Ferris stepped out of the car, and a small woman with mouse-brown hair caught his eye. She stood on the sidewalk and gaped at him as he turned onto the flagstone path that led to the door. Her hands flew up, fingers fluttering a warning. Ah, but now her eyes turned toward a front window, Perhaps in fear of a watcher, for she thought better of reminding him that no one in Coventry ever goes to the library. He envisioned twitching whiskers when she scurried away, as mice will do when they are in the neighborhood of a cat-or worse.
Oh, definitely worse.
The library door opened onto a room filled with rows of bookshelves, and he walked into a wall of stink. Although the librarian was nowhere to be seen, he knew she was here. The smelly epicenter could only be Mavis Hardy. Her body odor was formidable, even mythic; it was said to have permeated the pages of every book. However, he could hardly neglect to interview a town icon as important as a murderess at large.
He rounded the first bookcase, getting closer-the stink was stronger now-and he resisted the urge to cover his nostrils with a handkerchief. According to legend, Mrs. Hardy took her annual bath on the eve of the birthday ball, but she had not attended one for twenty years. Apparently, the attendant bathing had been allowed to slide.
Ferris Monty still had hopes of going to this year's ball, though the gala's gatekeeper might pose a problem. Well, certainly there would be some fancy tap-dancing around his most recent bad behavior. Addison Winston might wonder why his chosen envoy to the media had sicked reporters on Oren Hobbs-a clear conflict with the lawyer's intentions. But betrayal was mere technicality to an author turned zealot, a born-again writer of real literature. Ferris saw himself as an aging come-back kid and a ruthless Cinderella; he would find a way to go to the ball.
Turning down a narrow aisle of books, he walked slowly, creeping actually, following the sound of heavy breathing. The aisle ended at the center of the room, an open area of tables, chairs and a hulk of flesh wearing a cotton housedress. Ah, there she was in all her smelly unwashed glory, graying brown hair hanging to her shoulders in oily strings. She grunted and glistened with sweat.
What a prize.
He had been told that, though she went barefoot winter and summer, she had always been properly shod for the early birthday balls. It was doubtful that she had worn anything as delicate as high heels. Her well-muscled legs had the girth of tree trunks.

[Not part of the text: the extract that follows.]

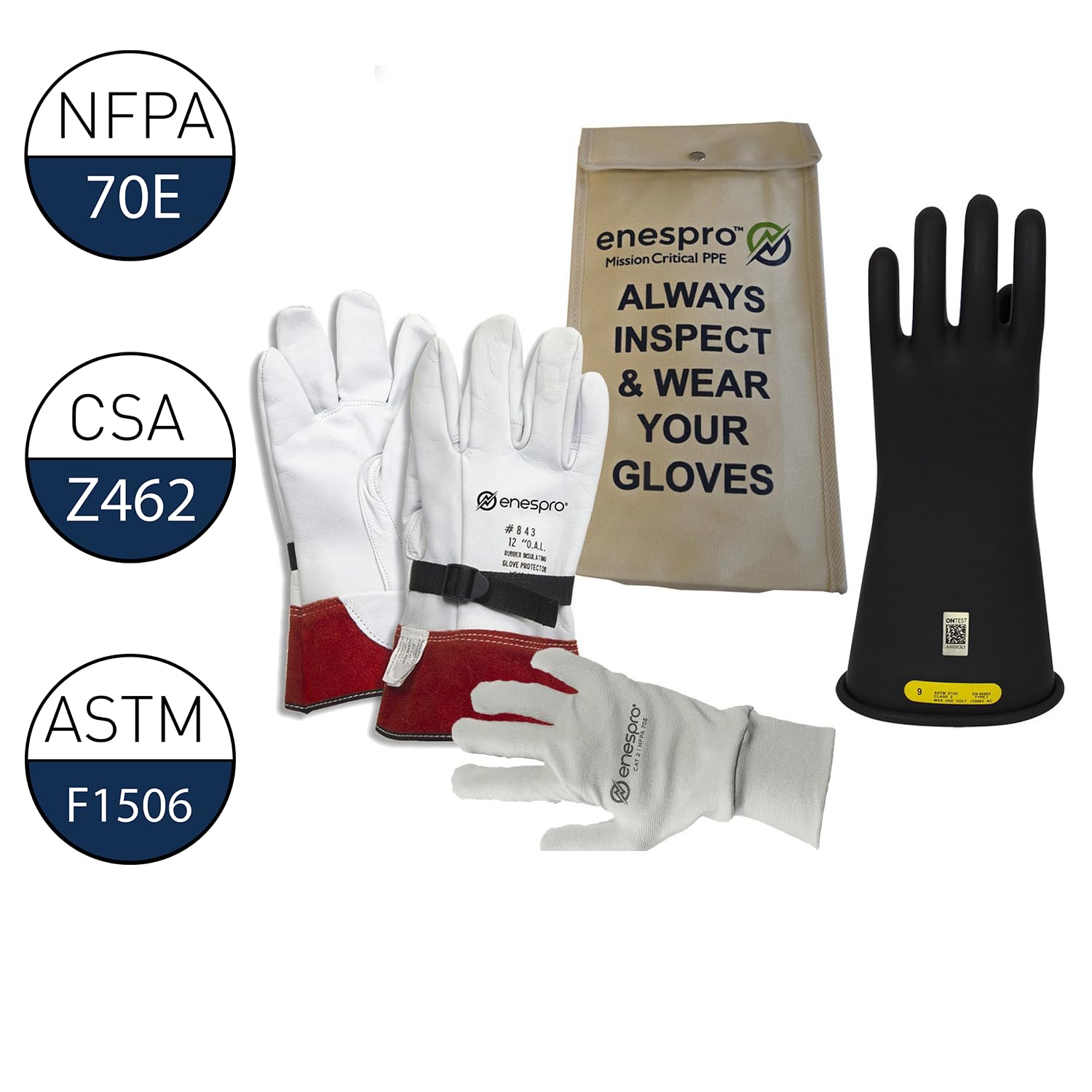 Enespro Class 2 Black Rubber Voltage Insulating Glove Premium Kit with FR Knit Glove and Leather Protectors, Max. Use Voltage 17,000V AC/ 25,500V DC (KITGC210AG)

Oh, and now she was turning his way.
His visit to the library-perhaps any visitor at all-must come as a shock. One clue was the woman's slackening jaw. He had never been so close to her, and now he was near enough to count the missing teeth by the gaps in her open mouth-but he had to look up to do it. Mavis Hardy's size was impressive, more muscle than fat, as evidenced by the barbells tightly gripped in her hands. There were other items of bodybuilding equipment on the floor behind her. This argued against the rumor that she was dying, and it gave credence to a theory, oft repeated by the locals, that she could not be killed except by supernatural means.